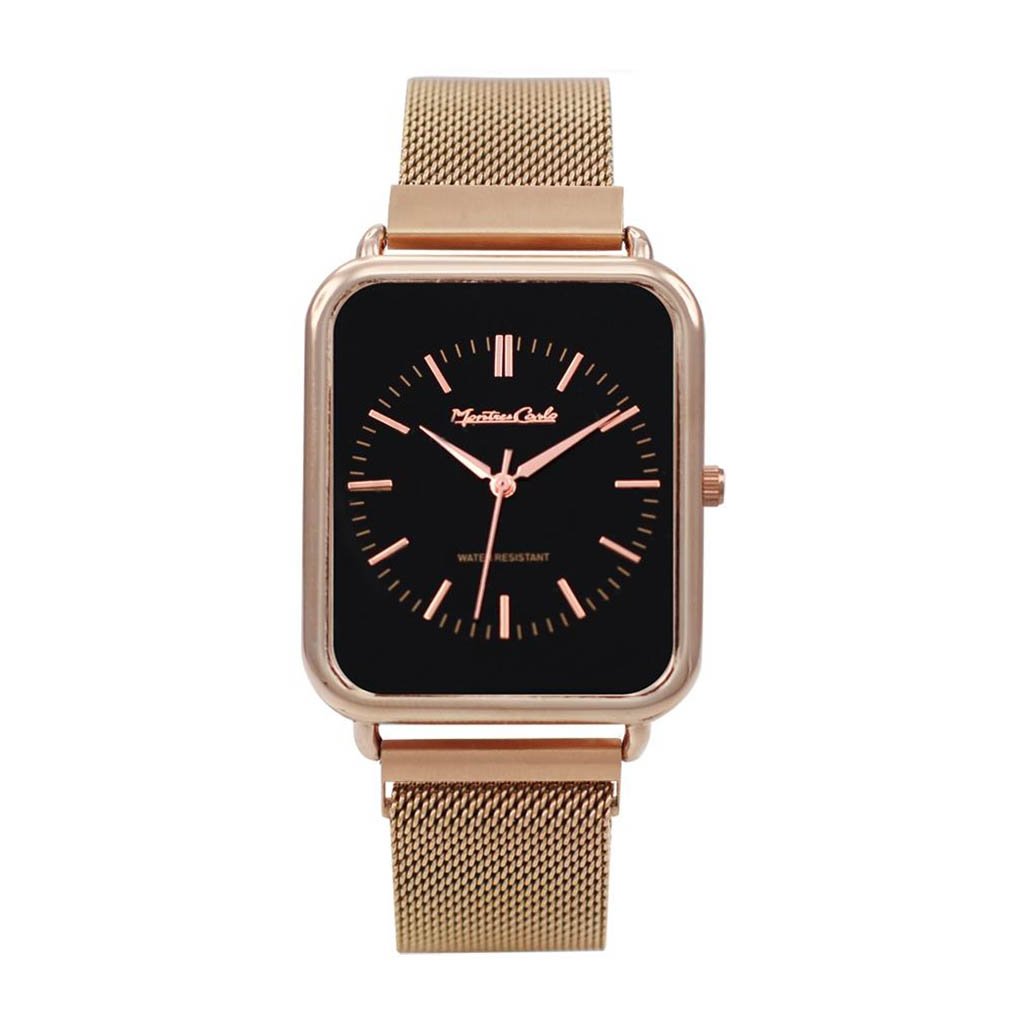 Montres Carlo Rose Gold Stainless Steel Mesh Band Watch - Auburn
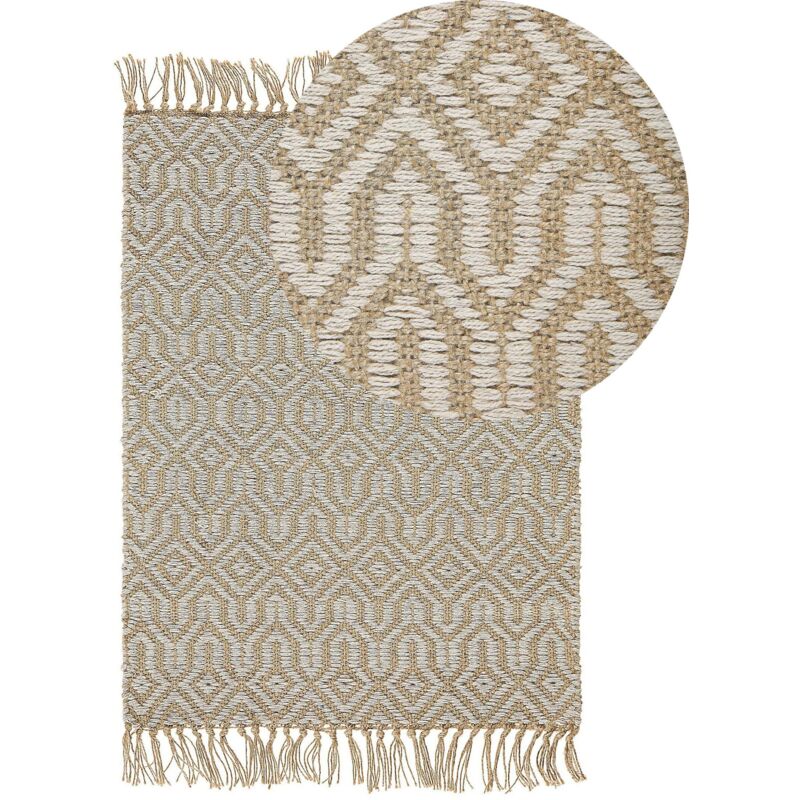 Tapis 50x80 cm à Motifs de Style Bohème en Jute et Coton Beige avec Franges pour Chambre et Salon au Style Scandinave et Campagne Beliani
--------------------------------
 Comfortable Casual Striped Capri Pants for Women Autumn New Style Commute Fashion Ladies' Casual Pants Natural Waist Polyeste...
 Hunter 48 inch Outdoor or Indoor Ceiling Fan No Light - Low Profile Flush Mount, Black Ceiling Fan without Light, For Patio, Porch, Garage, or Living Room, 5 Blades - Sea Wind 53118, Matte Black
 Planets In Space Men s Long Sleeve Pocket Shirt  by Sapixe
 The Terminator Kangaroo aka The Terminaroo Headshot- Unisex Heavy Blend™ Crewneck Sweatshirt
--------------------------------
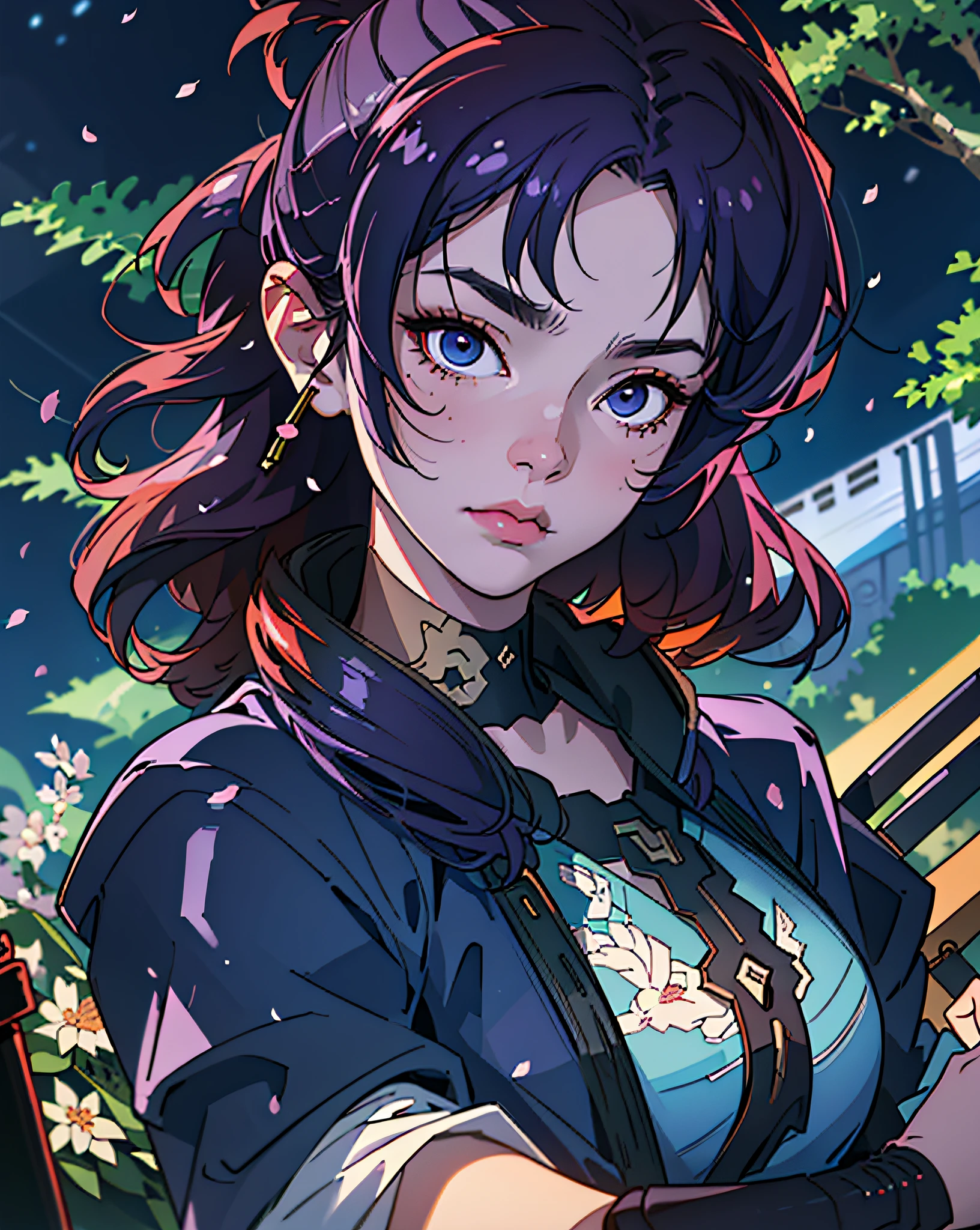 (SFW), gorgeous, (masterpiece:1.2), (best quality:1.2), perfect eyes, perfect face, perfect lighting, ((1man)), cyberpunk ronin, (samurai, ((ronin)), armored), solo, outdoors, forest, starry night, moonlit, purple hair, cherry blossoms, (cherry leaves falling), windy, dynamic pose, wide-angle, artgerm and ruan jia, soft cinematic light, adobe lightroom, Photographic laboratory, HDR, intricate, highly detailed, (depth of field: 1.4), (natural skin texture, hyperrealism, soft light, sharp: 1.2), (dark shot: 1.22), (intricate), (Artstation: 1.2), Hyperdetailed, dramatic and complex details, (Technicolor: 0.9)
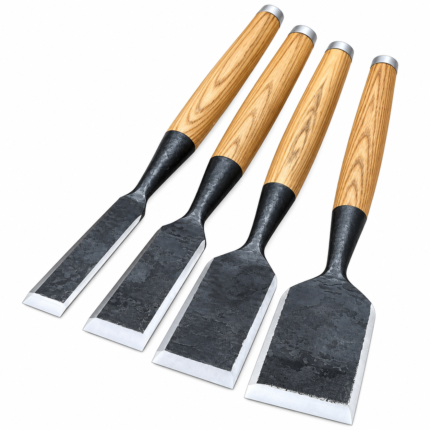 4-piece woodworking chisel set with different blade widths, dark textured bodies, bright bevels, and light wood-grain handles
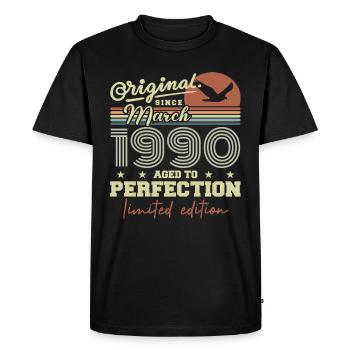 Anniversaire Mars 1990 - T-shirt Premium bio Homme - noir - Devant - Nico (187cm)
--------------------------------
In the material above, which lines fall between the one holding "Montres Carlo Rose" and the one holding "Tapis 50x80 cm", inclusive? Print exactly those, with the pictures left out.

 Montres Carlo Rose Gold Stainless Steel Mesh Band Watch - Auburn
 Tapis 50x80 cm à Motifs de Style Bohème en Jute et Coton Beige avec Franges pour Chambre et Salon au Style Scandinave et Campagne Beliani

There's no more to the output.